I opened the thread thinking it was new. Then, I hit Cicero's post. That was a bit jarring.
Ah! Glad you mentioned cicero's post, since there's part of it I'd like to reply to:
... Not to mention Lincoln was a Republican and obama is considered the most liberal politician of his time.
Although cicero appears to be offering that as a dissimilarity, it's actually an interesting similarity between Lincoln and Obama.
In 1860 the Republican Party was the party for people looking for government to take strong action on left-wing causes such as women's rights and abolishing slavery; Democrats back then, in contrast, were the party for people who preferred small government and less interference by the government on social issues. And Lincoln was viewed as a far-out radical, the most radical revolutionary Republican possible -- which is why his election tipped southern conservatives over the edge into seceding.

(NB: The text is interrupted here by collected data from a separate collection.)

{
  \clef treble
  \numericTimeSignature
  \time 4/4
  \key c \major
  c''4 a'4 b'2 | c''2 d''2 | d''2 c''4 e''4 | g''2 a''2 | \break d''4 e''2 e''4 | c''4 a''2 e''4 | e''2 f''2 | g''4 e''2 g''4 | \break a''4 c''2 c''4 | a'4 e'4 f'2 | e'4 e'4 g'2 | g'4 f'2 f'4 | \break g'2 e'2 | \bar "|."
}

The exaggerated fear of Lincoln held by 19th-century right-wingers during the 1860 election is similar to the exaggerated fear of Obama expressed by 21st-century right-wingers during the 2008 election (and which some of the less rational right-wingers still express today).
And that leads to another interesting similarity between Lincoln and Obama, because despite the exaggerated fears their political opponents had of these two men's supposed wild-eyed fanaticism and viciousness, both men were actually strong believers in and practitioners of reaching out, of speaking reasonably and temperately, of trying to work with those they disagreed with, of pursuing compromises when possible and preferring moderate actions to radical ones.

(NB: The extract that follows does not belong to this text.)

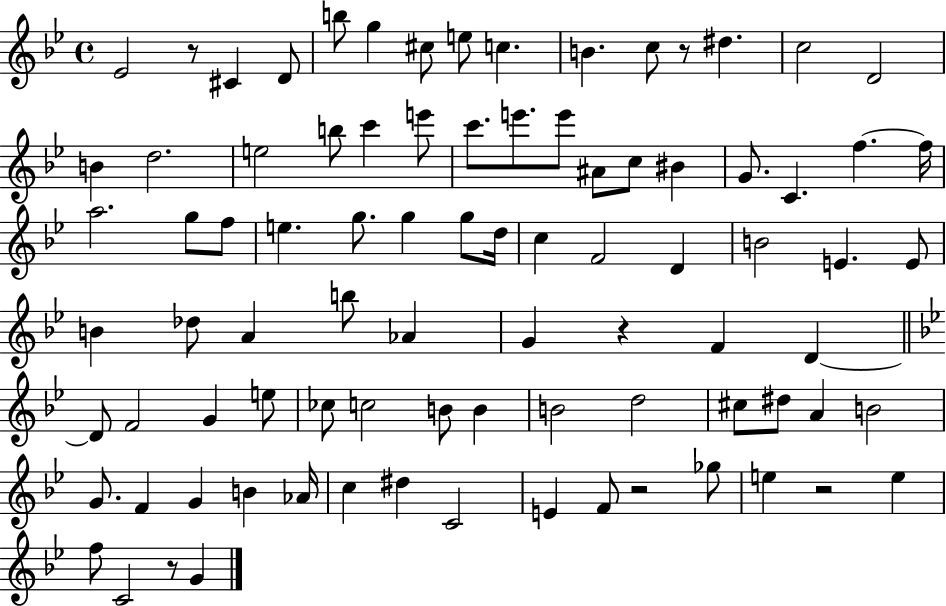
Eb4/h R/e C#4/q D4/e B5/e G5/q C#5/e E5/e C5/q. B4/q. C5/e R/e D#5/q. C5/h D4/h B4/q D5/h. E5/h B5/e C6/q E6/e C6/e. E6/e. E6/e A#4/e C5/e BIS4/q G4/e. C4/q. F5/q. F5/s A5/h. G5/e F5/e E5/q. G5/e. G5/q G5/e D5/s C5/q F4/h D4/q B4/h E4/q. E4/e B4/q Db5/e A4/q B5/e Ab4/q G4/q R/q F4/q D4/q D4/e F4/h G4/q E5/e CES5/e C5/h B4/e B4/q B4/h D5/h C#5/e D#5/e A4/q B4/h G4/e. F4/q G4/q B4/q Ab4/s C5/q D#5/q C4/h E4/q F4/e R/h Gb5/e E5/q R/h E5/q F5/e C4/h R/e G4/q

In a decade of hyper-partisan rhetoric such as the Limbaughs, Coulters, Hannitys and Trumps routinely engage in, Obama has stood out as an exemplary model of polite and restrained speech. In that I think he has a lot in common with Lincoln. Both men could speak plainly and bluntly when the occasion called for it, and could use humor effectively, but neither engaged in the petty insults and viciousness which so many other politicians routinely engage in. Both realized they were living in a time when the people of the nation were strongly divided, and both worked hard to try to heal some of those divisions or at least not to unnecessarily increase them. They both tried to put out the fires rather than trying to pour gasoline on them.
Obama has a fairly high approval rating as he leaves office, and I suspect it will grow higher over the years as the need many right-wingers have felt for making hyperbolic attacks on him gets transferred to other people they feel a greater need to paint as the greatest threat to freedom of all time.